While the lawsuit was pending, Lenz used e-mails, Gmail Chat, and a personal blog to repeatedly discuss her conversations with her attorney about the case. For example, she said that the lawsuit was an opportunity for EFF to “get their teeth into UMG” for sending takedown notices. As a result, U.S. Magistrate Judge Patricia Trumbull granted UMG’s motion to compel further discovery regarding Lenz’s motives for bringing the action.

Then, in her chats, she revealed legal strategies, including EFF’s plan that it was using her case to clarify a ruling in a different case. Judge Trumbull granted UMG’s motion for further discovery on that subject, too.

Finally, in her blog, Lenz spoke of her conversations with counsel pertaining to certain specific factual allegations. You know what happened. The court held that she had voluntarily waived her privilege in this regard as well.

The lesson here: All clients need a lecture about using e-mails, chats, blogs, and any other form of social media to talk about confidential attorney-client communications. As in, “Don’t.” As this case demonstrates, even the EFF now knows that, in litigation, too much freedom can be a dangerous thing.

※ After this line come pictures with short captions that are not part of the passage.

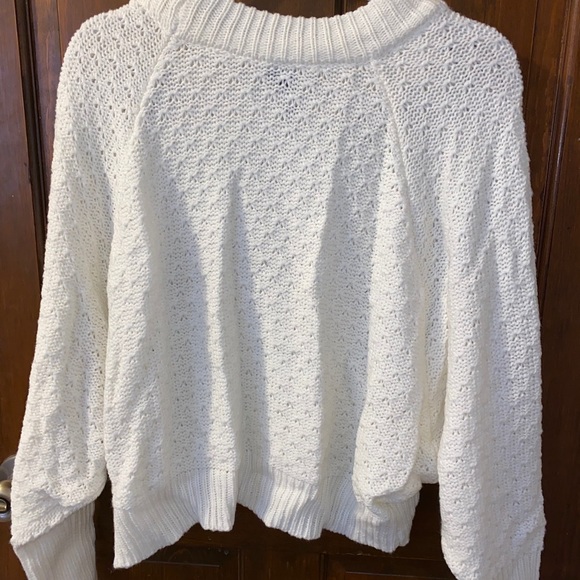 White sweater - Picture 2 of 2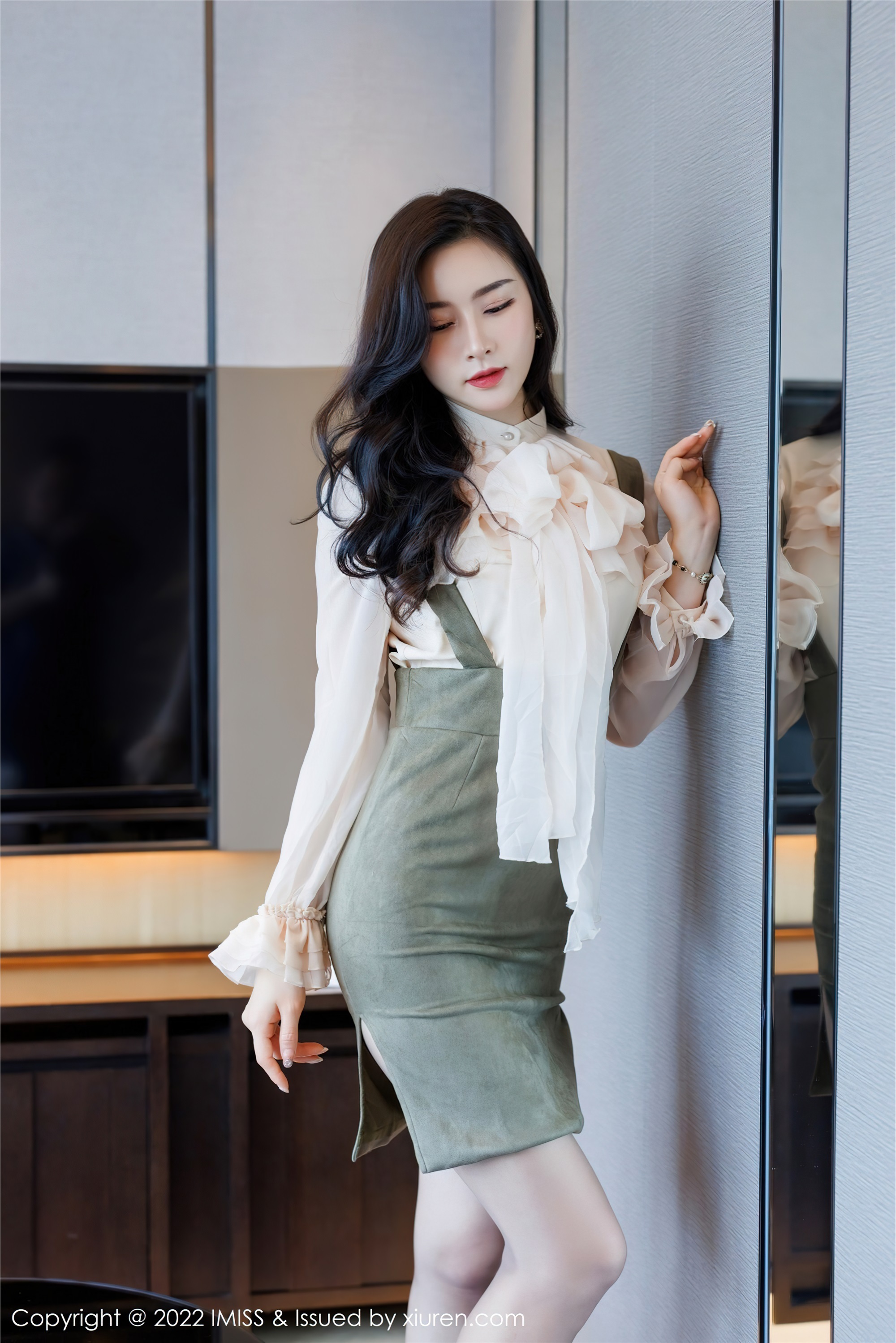 IMISS爱蜜社 2022.02.14 Vol.664 Vanessa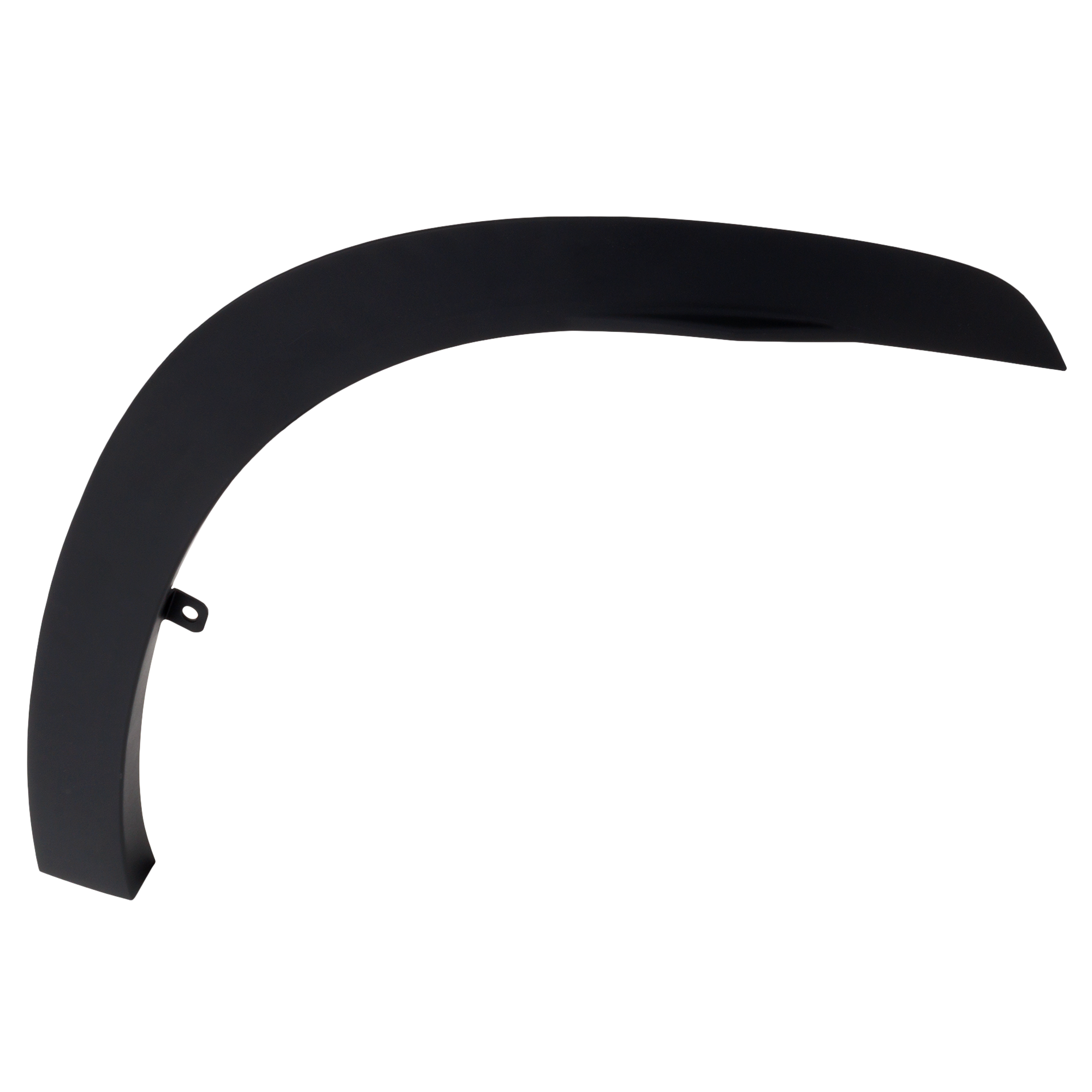 AM HIGHLANDER 20-23 REAR WHEEL OPENING MOLDING LH Black CAPA SKU RT55390014Q Partslink TO1790116C OEM 750880E030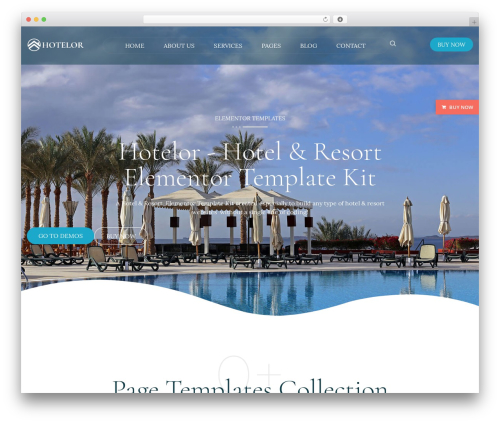Bosa buy now WordPress plugin - demo.bosathemes.com/hotelor
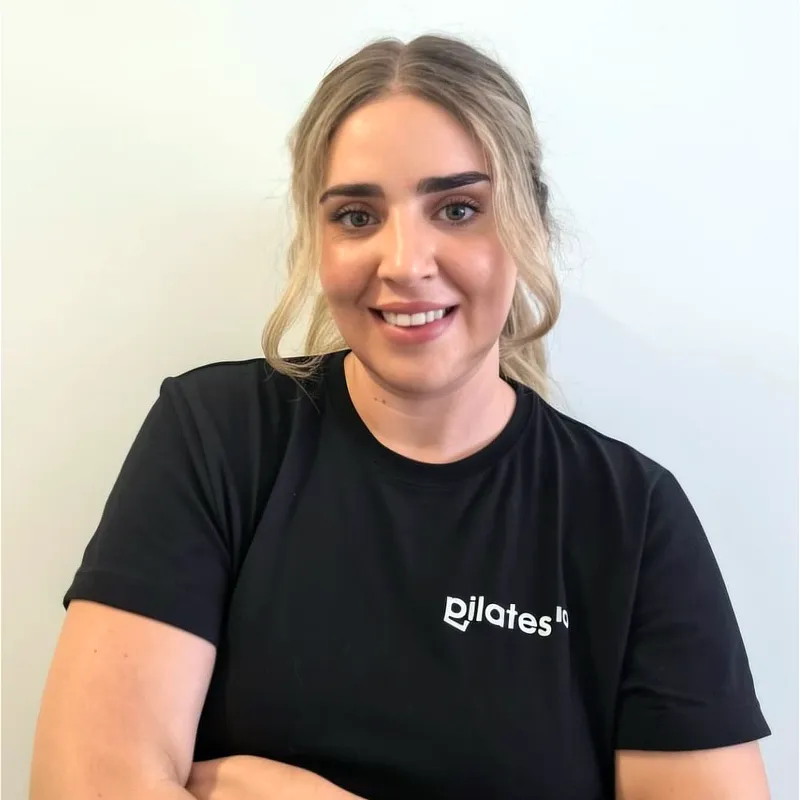 Irene, instructora de Pilates en Pilates10 San Pedro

Nick Brestoff, M.S., J.D. | Western Regional Director | Discovery Strategy & Management
International Litigation Services | www.ilsTEAM.com | nbrestoff@ilsTEAM.com | (213) 674-4334

Thursday, November 4, 2010

e-Discovery: Proportionality, Technology and Practice Standardization

Posted by Douglas Forrest on Nov 4, 2010

 

Principal 6 of the just released Sedona Conference Commentary on Proportionality in
Electronic Discovery
provides that:

Technologies to reduce cost and burden should be considered in the
proportionality analysis

While most of the provided commentary (parties should meet and confer, etc.) will be familiar to e-discovery adepts, there is some that is more novel (clue: no supporting footnotes or citations), viz.,

Parties and law firms that are involved in a significant amount of electronic discovery may choose a standard tool that meets their overall needs. The fact that the standard tool is not the best fit for an individual case should not be held against the firm or the party unless it is conspicuously inadequate for the case, as might happen where the volume of information is unusually high. Parties and law firms may have to consider other tools for cases that exceed the capacity of the standard tool. (Italics added.)

A few thoughts:

Except in those still relatively uncommon instances where parties are hosting review platforms themselves, the standard tools chosen by parties that would be relevant here would seem to be those used for identification, preservation and collection. However, the only specific caveats raised relate to the capacity to handle high volumes, which speaks almost exclusively to post-collection processing and review platforms.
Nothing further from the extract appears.